Advertising that sticks

Last week I was filling my wife’s car up with petrol (gas). It’s a big car, with a big tank. Here in the UK, petrol costs about £1.10 for a litre. That’s about $9 for a US gallon. $200 for a full tank. There’s not much to do as the fuel gauge scrolls relentlessly upwards. Not much but stare at the nozzle in my hand:


I think that’s a great advert. It’s an example of how interrupting people to tell them something can work. It fulfils most of Dan and Chip Heath’s criteria for stickiness:

  • It’s simple – anybody can understand it
  • It’s unexpected – I wasn’t expecting to be marketed to
  • It’s concrete – no intangibles here, just some solid facts
  • It’s credible – do I believe it? Yes.
  • It’s emotional – it made me smile, and caught me at a moment of panic
  • It doesn’t tell a story, which is the last criterion, though

It’s also got a lot in common with Google adwords: it’s relevant, targeted and interrupts its audience at a point when we’re interruptable.

But is it effective? Probably. At any one time, roughly 5%-10% of us are thinking about buying a new car. That means that about one million interested, persuadable, interruptable people would see this advert a week (in the UK), assuming a decent campaign roll-out, at a cost of about 5p a hit. I’d like to see a TV ad that can do that.

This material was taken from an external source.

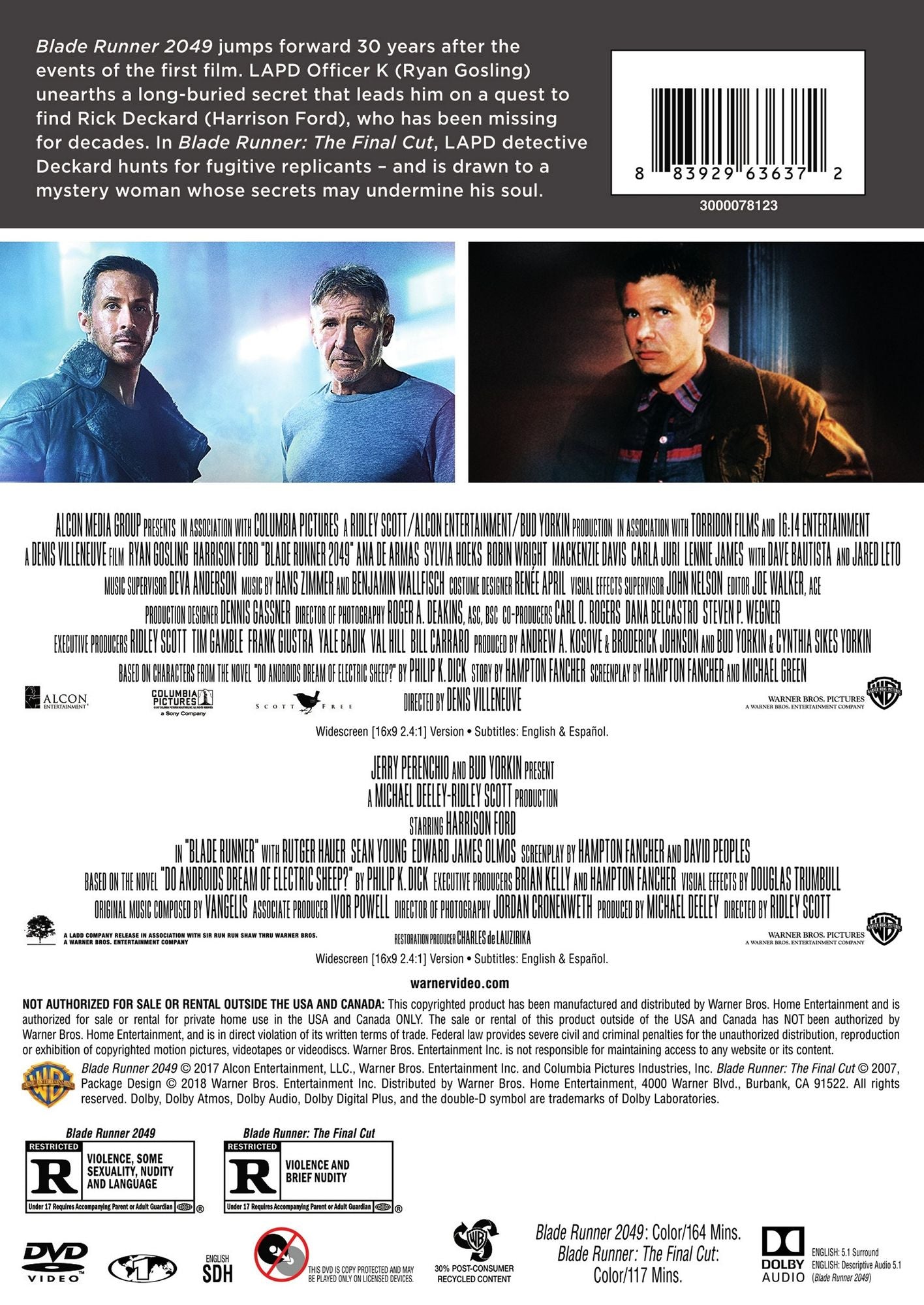 Blade Runner: 2 Film Collection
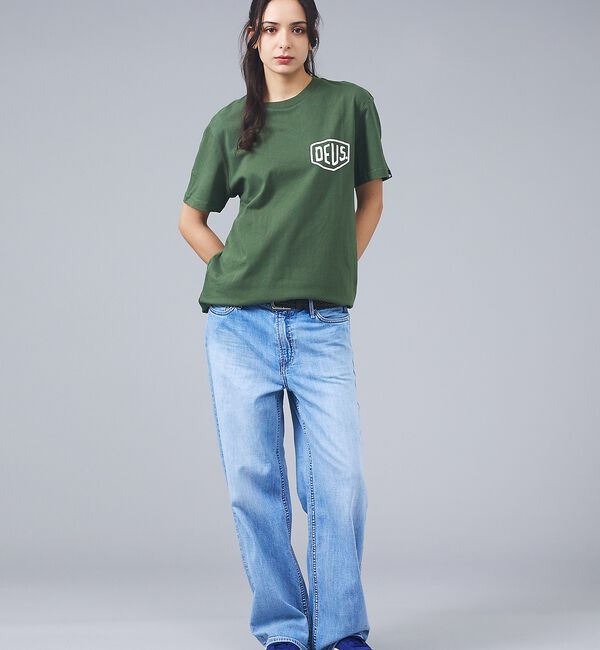 ABAHOUSE「【DEUS / デウス】VENICE ADDRESS / バックプリント 半袖T」|Tシャツ・カットソー|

Another reason that I like this advert is that it goes against the conventional wisdom. Well, the new conventional wisdom anyway, which claims that we are so bombarded with information and marketing – billboards, television, t-shirts, pop-ups and so on – that there is no point in trying to interrupt us to sell us something. We just won’t notice, and if we do notice then we won’t care.

If the conventional wisdom about interruption is wrong here, I wonder if it is wrong elsewhere too; or at least that there are striking exceptions which skilled marketeers can discover. Perhaps the right print ad, or the right banner ad, or the right superbowl ad can still work.

There are some other interesting parallels between petrol pumps and software. I’ll blog about them next week. Subscribe to the RSS feed to keep up to date.


One response to “Advertising that sticks”

  1. This ad worked for you because the interruption was a relief from tedium. Old-school interruptive ads can work if they are pleasantly unexpected, delightful in content and design, or informative. I ran across an ad just now in Fast Company about a hotel chain that when you check in online allows you to select the exact suite you would like to occupy during your stay. It captured my attention not because of design or text, but simply because it was a good idea. Good ads also attract attention in good context: I invariably read ads in Fast Company and The New Yorker, some of which I might pass by if they were in another publication. And some ads could be anywhere and still be great: I think the small inserts for the Mini Cooper would be brilliant in any magazine.